Todavia, convém que a
população, responsável direta pelo sucesso do Plano Cruzado, se
acautele. Volte a exercer severa vigilância sobre os preços, tendo
sempre em mente que cada centavo indevido pago a outrem, lhe irá
faltar no dia, na semana ou no mês seguintes, já que os salários
estão congelados. E essa fiscalização, todos sabem, não pode ser
um ato isolado, de uma só pessoa. Até porque, sozinhos somos
extremamente fracos.
A nossa força reside na
união, na mobilização, ordeira, cavalheiresca, civilizada, mas
firme, decidida, permanente e constante. Cada vez que impedirmos um
comerciante inconsciente de remarcar alguma mercadoria ou cobrar o
que se conhece popularmente por "PF" (por fora) por seu
produto, sem que estejamos sabendo, estaremos até mesmo colaborando
com ele.
Ninguém tem mais a perder, se
for registrado um novo surto inflacionário, do que aquele que dispõe
de um capital, aplicado em estoques, em títulos ou em outro
investimento qualquer (que não seja a caderneta de poupança) já
que, em boa hora, foi suprimida essa que sempre foi a maior
realimentadora da inflação: a correção monetária. O cruzado
sofrendo qualquer tipo de erosão, todos os seus haveres e ganhos
ficarão, por conseqüência, erodidos.
Em linhas gerais, todavia, o
Plano Cruzado, quando parte para o seu quinto mês de aplicação, já
é um sucesso completo. Por exemplo, projetando o acumulado do
trimestre, de 2,08%, até 31 de dezembro, utilizando, portanto, a
hipótese mais pessimista, a inflação anual pós-choque irá
registrar somente 16,94%. Menos de 1% a mais do que a nossa taxa
recorde mensal.
O medo dos especialistas e dos
empresários não reside aí. Está no que pode ocorrer no instante
em que for suspenso o congelamento de preços. Este não pode ser
perpétuo, caso contrário, haverá um desestímulo à competição,
inexistindo, portanto, o "moto" que move o carro de toda a
economia que se preze.
O temor, frise-se, também não
é quanto ao comportamento dos industriais e comerciantes quanto aos
preços que vão impor aos produtos que comercializarem quando estes
forem livres. Salvo uma meia dúzia deles, (despreparada para a
atividade e que não enxerga um palmo diante do nariz) a maioria sabe
que usar os métodos do passado significará uma catástrofe para
eles próprios.
Há, no entanto, uma perigosa
"bomba de efeito retardado" escondida no Plano Cruzado e
esta não foi posta pela iniciativa privada. Referimo-nos aos gastos
públicos. O governo precisa aprender a controlar suas despesas, a
conter a sua proverbial volúpia perdulária, até porque estamos num
país onde cada centavo deve ser aplicado com a maior das sabedorias
se quisermos construir aquela sociedade com a qual vimos sonhando.
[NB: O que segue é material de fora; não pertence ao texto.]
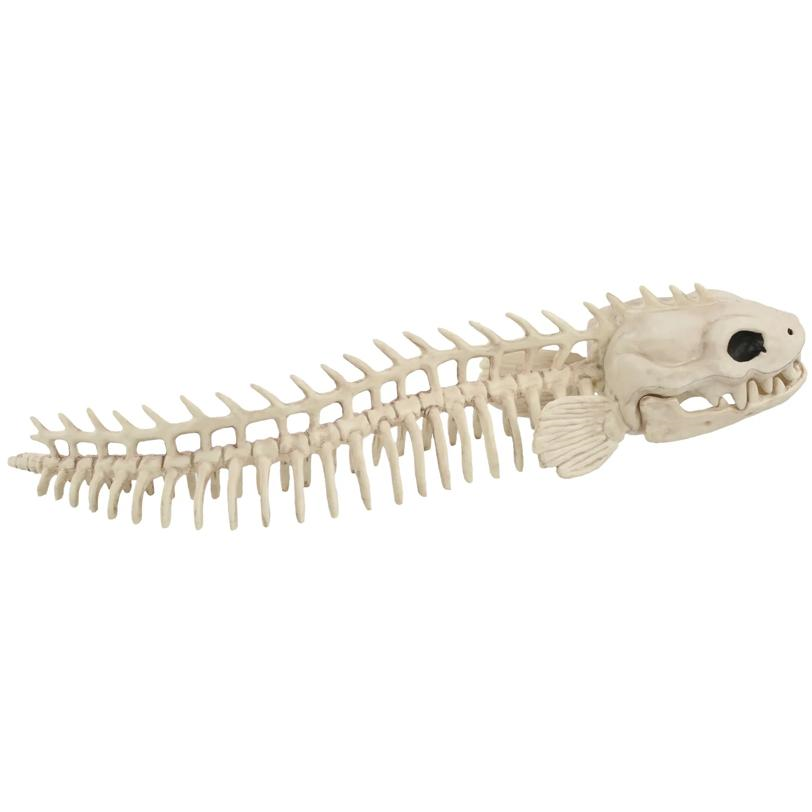 Skeleton Eel Prop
Não será fazendo exercícios
contábeis, disfarces orçamentários ou truques semânticos que o
déficit público será contido. Se para o cidadão comum gastar além
do que possui ou do que ganha é uma rematada tolice, para não dizer
irresponsabilidade, imagine para quem tem a responsabilidade de gerir
uma nação tão complexa como a nossa!
Que os políticos não se
empolguem com um ano eleitoral e não pressionem o governo a abrir
seus cofres ou, o que é pior, a acumular papagaio sobre papagaio
para realizar em três meses aquilo que não fez num ano. Esse não é
o caminho prudente e sensato para vencer uma eleição e a sociedade,
estejam certos, ficará vigilante para conferir essa austeridade.
O Plano Cruzado, pelo menos
até aqui, está sendo mais bem sucedido do que seus similares,
aplicados anteriormente, em outros países. Foi adotado num momento
estratégico, de superaquecimento econômico, evitando de lançar o
País numa indesejável recessão. Ao contrário, descomprimiu a
demanda reprimida por cinco anos mediante o achatamento salarial,
recuperando um mercado interno esfacelado.
Com isso, criou a necessidade
de novos investimentos, que por sua vez estão gerando mais empregos
e distribuindo melhor a renda. Esse retomada do crescimento elevou a
arrecadação dos próprios cofres públicos, através dos tributos,
dando a "faca e o queijo" ao governo para que ponha em
ordem as suas finanças. Basta, agora, que este saiba gerir com
prudência os seus gastos, para que tudo dê certo. Tem que dar!